LOCALISATION is a process of adapting a product to suit the requirements of the local market. In the software industry, the localisation process is split into two main parts: code modification and message translation.

Software authors make certain assumptions when writing code. When the product is distributed worldwide, certain assumptions become false ones. The most notable example is an assumption that each character takes one byte of storage and occupies a rectangular real estate on the output device (called cell). An impact of this assumption, as observed in Thailand, is that most software applications do not allow the user to enter data correctly.

The native Thai character set has characters that do not take a space on output devices (called combining characters). Applications that process text, such as word processor or text editor must be modified, re-engineered, or even re-written just to eliminate this assumption.

The other part of software that needs localisation are text messages. User-friendly software speaks the native language of its users. In Thailand, application menus, error messages and manuals should appear in Thai.

Market picture

Software that processes Thai information started to flood the low-end market in mid 1980's when personal computers had become more affordable.

In the early days, a few companies started a niche market by providing a hardware equipment called Thai cards. Basically, this is a video adaptor which has been modified to deal with higher number of lines on the screen. The higher number of scan lines is required since glyphs (shapes) of Thai letters require a higher resolution, for good legibility, compared to that of Latin-based scripts which the PCs are designed for.

A Thai card also comes with a piece of software called a Thai driver which provides the capability to handle Thai and serve as an enhancement to the BIOS (basic system software that handles primitive input and output functions), which is unfortunately illiterate when it comes to Thai.

Later, when personal computers came equipped with more powerful processo rs and typically with a higher resolution display, a new class of Thai driver without special hardware started to emerge.

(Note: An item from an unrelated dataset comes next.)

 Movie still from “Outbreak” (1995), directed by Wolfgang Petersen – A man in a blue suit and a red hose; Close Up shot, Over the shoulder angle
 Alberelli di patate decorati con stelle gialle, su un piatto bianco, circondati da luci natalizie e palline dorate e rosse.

The choice between a hardware-assisted solution and pure software one, or even which brand, is not totally up to users' wisdom. Application availability is the key. Thai solution suppliers have to provide a great deal of software packages which have been modified or adapted to work on Thai cards/drivers that they supply.

Local representatives of software packages also face the same situation. Plain English software, written elsewhere, will be used by small number of people in offices where no Thai is used. Given the fact that Thai is the national language, correspondence with authorities in the public sector is done in Thai.

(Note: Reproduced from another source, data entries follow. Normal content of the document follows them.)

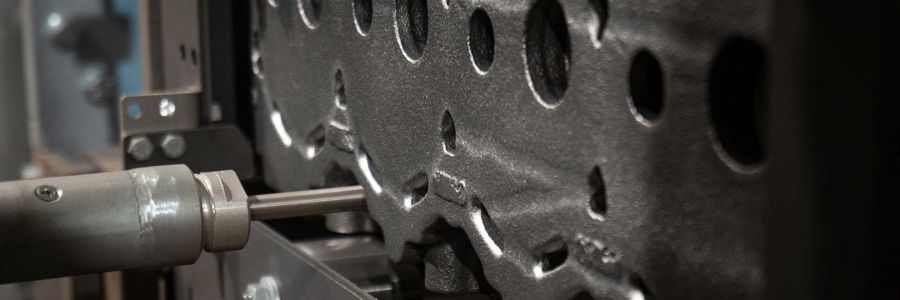 <h1><strong>Eliminating Burned-On Sand</strong> in Cylinder Heads</h1>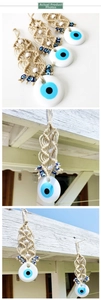 Detail of Turkish Evil Eye wall hanging with woven rope and blue eye beads decor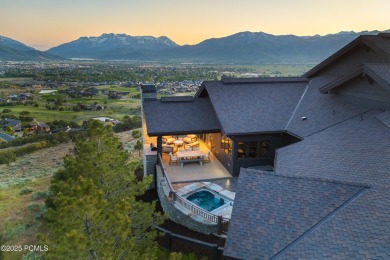Perched atop a prominent ridgeline, this stunning residence is on Red Ledges Golf Club in Utah - for sale on GolfHomes.com, golf home, golf lot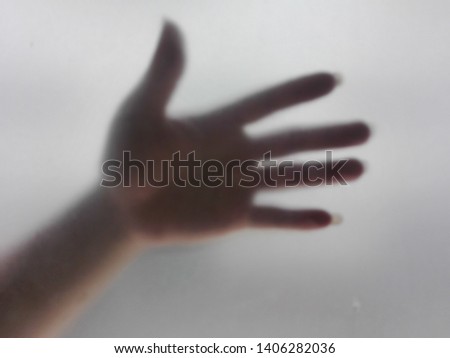  blurry image of the shadowy image of the hand behind the mirror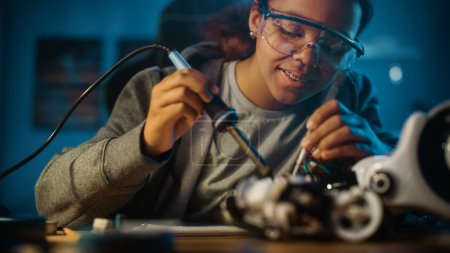 Photo for Young Teenage Multiethnic Schoolgirl is Studying Electronics and Soldering Wires and Circuit Boards in Her Science Hobby Robotics Project. Girl is Working on a Robot in Her Room. Education Concept. - Royalty Free Image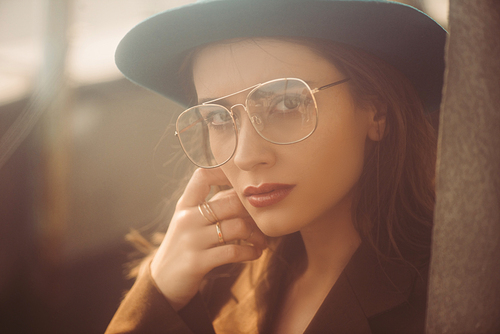 fashionable woman posing in hat, eyeglasses and brown jacket on roof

Since most of the population do not use English as an alternative to Thai, English-oriented software limits itself when it comes to the real market potential. Besides, the Thai legal system requires that all transactions be recorded in hard copy and most of these must be in Thai. There are some exceptions but such special arrangements are insignificant in the general picture.

The business community, which is the largest market for software sales, therefore undoubtedly needs Thai-language software.

As stated before, Thai solution suppliers stay in a niche market. Not many software packages have been localised mostly because of limited resources to do localisation. This also leaves a lot of room for local application developers to develop native Thai applications; another niche.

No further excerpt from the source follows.